We're heavy into the house remodeling and I am a nervous wreck. It is so hard to make all the decisions that are required. For example, do I get the kitchen cabinents I really love that cost a fortune or get the O.K. cheap ones and have more money for other things??? Also, I am feeling very impatient. It just takes so much time to do everything. A lot of things are behind the scenes and require a lot of time and money without really showing any visable progress toward being a place in which we can live. So I'm feeling very frustrated. I know Mark is doing the best he can and I feel guilty that I am not being as supportive and patient as I wish I could be. Everything seems worse because we are having terrible plumbing problems at our regular house. We have been without water for most of the last week. Have to keep going back and forth from our house to the Harris's to make bottles, do laundry, bathe Julia and ourselves, wash hands, go to the bathroom, etc. etc. It is exhausting.

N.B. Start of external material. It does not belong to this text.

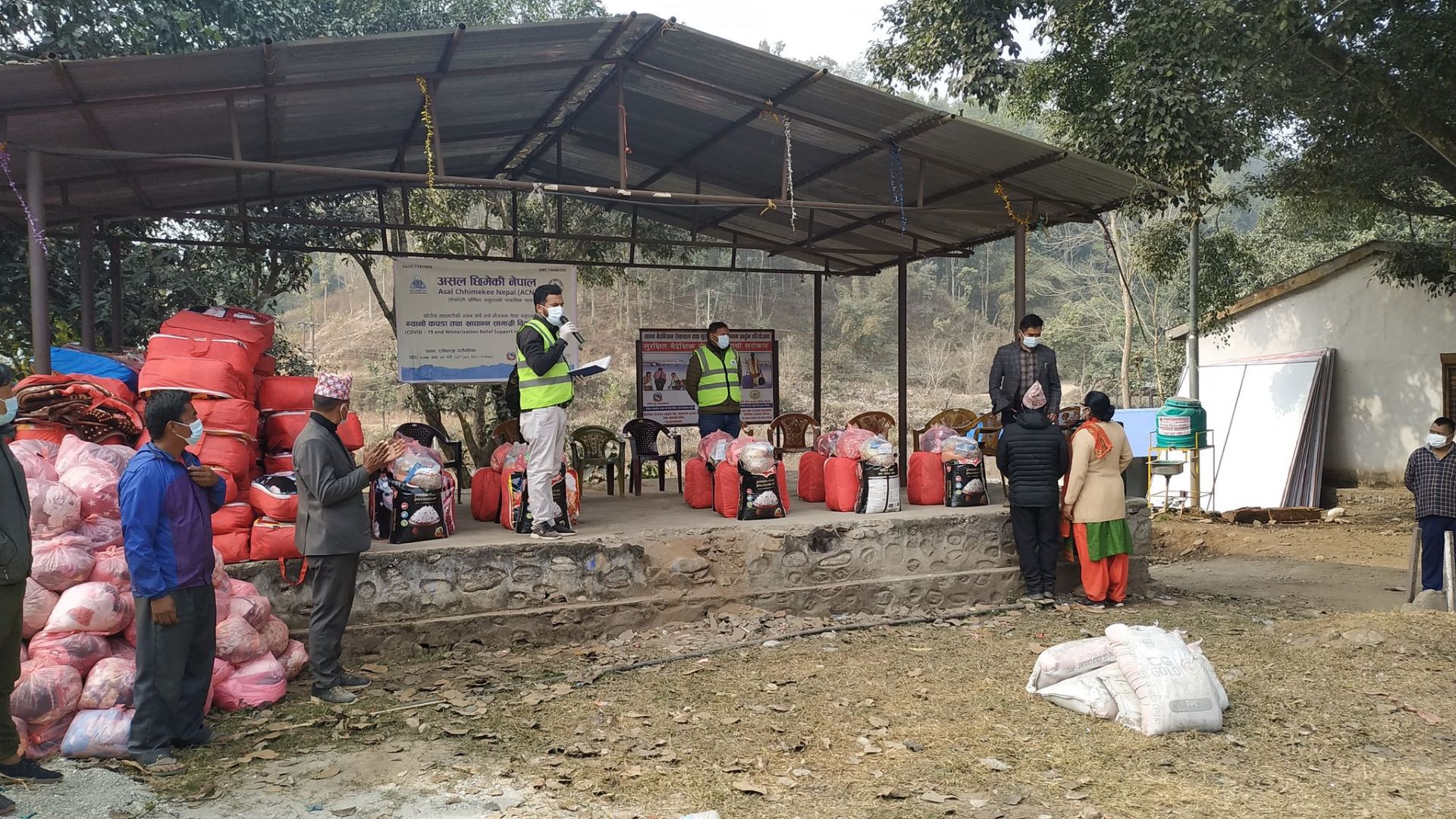 विपन्न चेपाङ समुदायलाई न्यानो कपडा वितरण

Enough of the gloom and doom. Julia is doing marveously. She is really exploring everywhere now. So curious. And very happy most of the time. She is pulling up a lot and can balance herself better and better all the time. I think her fourth tooth is about to come through. Today she went swimming in her little pool. It was so much fun. I got her a cabbage patch doll in a bathing suit with pool toys. It floats and blows bubbles. So cute. Julia spent most of her time chewing on it and it's accesories. She has just recently starting chewing on things a lot.
So much I have left out, but it is 1:00 a.m. and I must go to bed. Still having a lot of trouble finding time to do things like this. Have so many things to do on my "to do" list that never get done unless I stay up very late at night. Guess I will have to accept that everything will wait except Julia.
More later (I hope)...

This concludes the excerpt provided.